Así no puedo seguir, a paso de tortuga. Pero me da mucha pereza tener que salir del agua, volver a los vestuarios y ponerme bien el bañador. Y entonces es cuando se me ocurre una de esas ideas mías geniales: como somos tan pocos, nadie se va a dar cuenta si me cambio el bañador dentro del agua. Dicho y hecho.

De todas formas, en consideración al decoro aguardo a que los tres vecinos y la chica del fondo empiecen a nadar hacia el otro extremo de sus calles respectivas. Y así, mientras van y vuelven, me sobra tiempo para mi maniobra impúdica. Para darme ánimo, se me viene a la memoria cuando la Peque en sus mejores días era capaz de cambiarse el tampax mientras conducía por Sevilla en los veinte segundos del semáforo en rojo. 
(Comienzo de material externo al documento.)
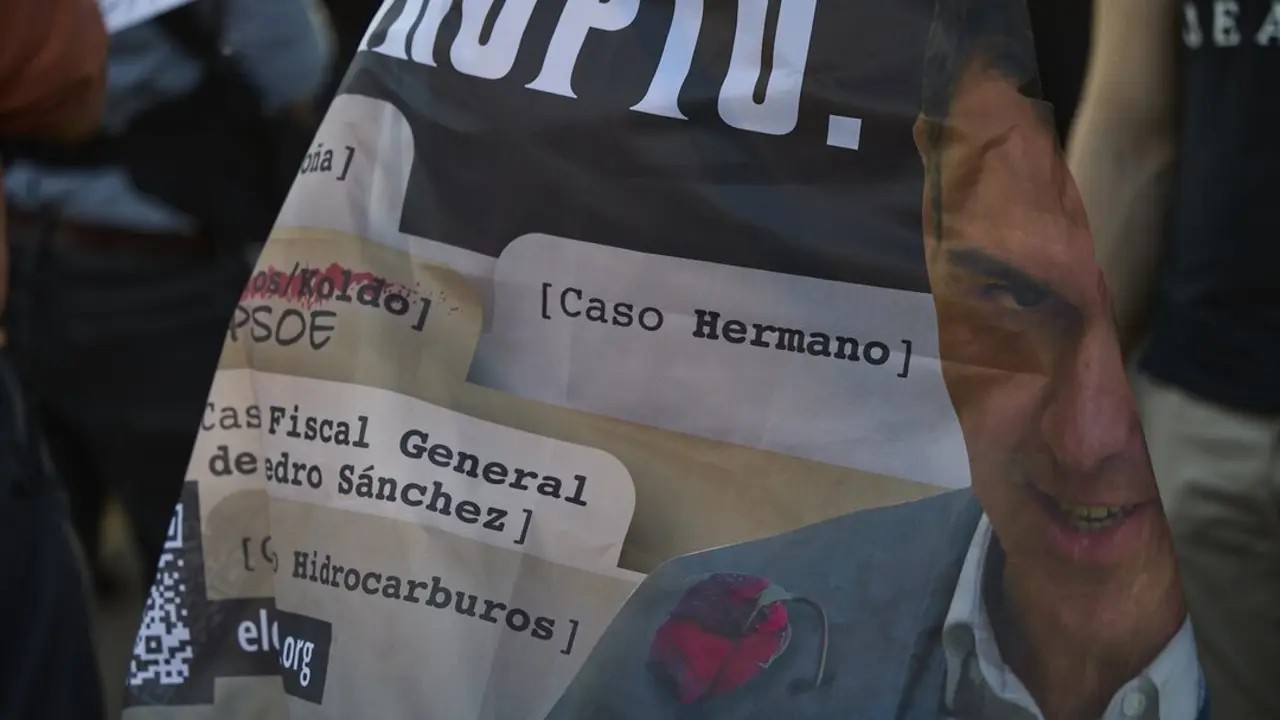 Un pancarta con la cara de S&aacute;nchez, durante la concentraci&oacute;n ante la Facultad de Estad&iacute;stica. / Jes&uacute;s Hell&iacute;n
Vamos allá: con toda decisión me desembarazo del bañador y me quedo en pelota picada, protegido, eso sí, por la masa del agua. Agarro el bañador y le doy la vuelta. Los otros nadadores aún no han llegado a la punta de sus calles. Vamos bien. Colocada la prenda en mis manos en posición correcta, bajo el bañador para meter la primera pierna. Imposible. Contra pronóstico, al puñetero calzón la da por flotar y se me viene arriba, ¡coño, que no puedo bajarlo! Y cuando consigo bajarlo algo resulta que la rigidez de mi cadera no me permite doblarla lo suficiente para ensartar el pie por el pernil... Aparecen los primeros nervios. Miro para atrás, y los vecinos ya vienen de vuelta. "¡A que me pillan en pelotas!"... Se me ocurre ponerme a bucear para arrastrar el bañador hasta el fondo, pero entonces se me sale el culo flotando libre. "¿Será posible?"... A pesar del agobio, me da por reírme y me imagino que soy mister Bean en alguna de sus disparatadas anécdotas. Uno de los vecinos ya ha llegado, y se me queda mirando raro, como diciendo qué le pasará a este. Los demás van llegando también. Yo me quedo quieto, sin movimiento alguno, como silbando y mirando al techo. Y ellos vuelven a lo suyo; ¡menos mal! La chica está más alejada y no se ha dado cuenta. Lo intento de nuevo, ahora con la otra cadera, la protésica. Doy un pequeño saltito con la otra para apoyarme mejor... ¡Y lo consigo!!! ¡Ha entrado, ha entrado!! ¡Por fin! Con la pierna libre puedo arrastrar el dichoso bañador hacia abajo y calzar ya ambas piernas. ¡Joder, vaya ratito de susto! Hubo un momento en que llegué a pensar que tendría que salir desnudo de la piscina. Hasta imaginé el mejor escenario: me quedo remoloneando cerca del borde, haciendo como que buceo, o simplemente caminando y haciendo ejercicios de pie, hasta que todos se vayan, porque a estas horas no es previsible que ya entre nadie nuevo hasta por la tarde. Así, solo se reiría de mí el vigilante desde su cuartito.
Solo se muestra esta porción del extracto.